McDonalds? The Mall? (Where are the truley desperate employers at, lol)Any advice for my search is welcomed.

And I'm not "shunning" public places - but I have a major preference to work out of the spotlight (i.e. I'd prefer dishes rather than waitressing).


----------



## EmpoweredByOne (Oct 11, 2008)

You certainly don't want to be doing dishes, that is so boring  Check out places like grocery stores, the mall (like you said suggested) and office work. You can't hide from the public and you MUST face your anxiety fears. You have to stop the negative thinking and find a job where you might be most vulnerable, I know it may sound difficult but it will get easier and easier. Good luck!!


----------



## SugarSparkler (Sep 5, 2008)

EmpoweredByOne said:


> You certainly don't want to be doing dishes, that is so boring  Check out places like grocery stores, the mall (like you said suggested) and office work. You can't hide from the public and you MUST face your anxiety fears. You have to stop the negative thinking and find a job where you might be most vulnerable, I know it may sound difficult but it will get easier and easier. Good luck!!


Thanks for the reply. 
I know I should'nt be avoiding the public but I'm even afraid of the idea of seeing co-worker daily!
And thanks for the grocery store idea, they obviously have a large variety of positions (like the entry-level things I need) and most are probably always searching for more help.


----------



## _AJ_ (Jan 23, 2008)

The mall! the mall! I worked there, you get discounts, and it helps overcome SA

I actually used it as a training ground, I started at a socially easy place and moved my way up to working as a in-your-face salesman


some jobs there are so easy! like those kiosks where one person works. I worked there, it was great, I just took peoples money and gave receipts, thats it! the rest of the time i read books and played with rubix cube, I even brought in my laptop and played video games


----------



## sanspants08 (Oct 21, 2008)

^I agree, hit the mall. I worked there for a couple of years and it really brought me out of my shell. If you want to stay somewhere quiet, apply at a department store (that way you don't have to sell stuff).


----------



## FairleighCalm (May 20, 2007)

.If you want to start out doing dishes that is perfectly fine and honorable, and understandable. By STARTING and doing you'll learn where to go next. Think of your inate skills and beliefs, then move towards them. :yes


----------



## Gerard (Feb 3, 2004)

Hey SugarSparkler.

Assess your skills. A question like, "What can you do?" and also "What do you like to do?" can help with finding a good placement.

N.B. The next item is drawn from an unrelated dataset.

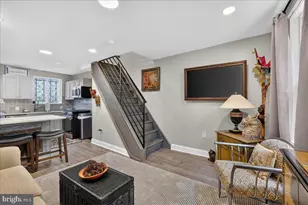 909 S Sheridan Street S, Philadelphia, PA 19147 - Photo 4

Also if you are looking in the future for a better job. What skills and knowledge that do I want to attain do this type of work/job? And find work/volunteer/school/training to lead you to the work you want.

Brainstorming too is also good.

That's all I can think of right now, and so good luck SugarSparkler. I hope you find a good job that can fill your wallet. Good luck with your search and interview and with the work itself.

Best wishes,
Gerard


----------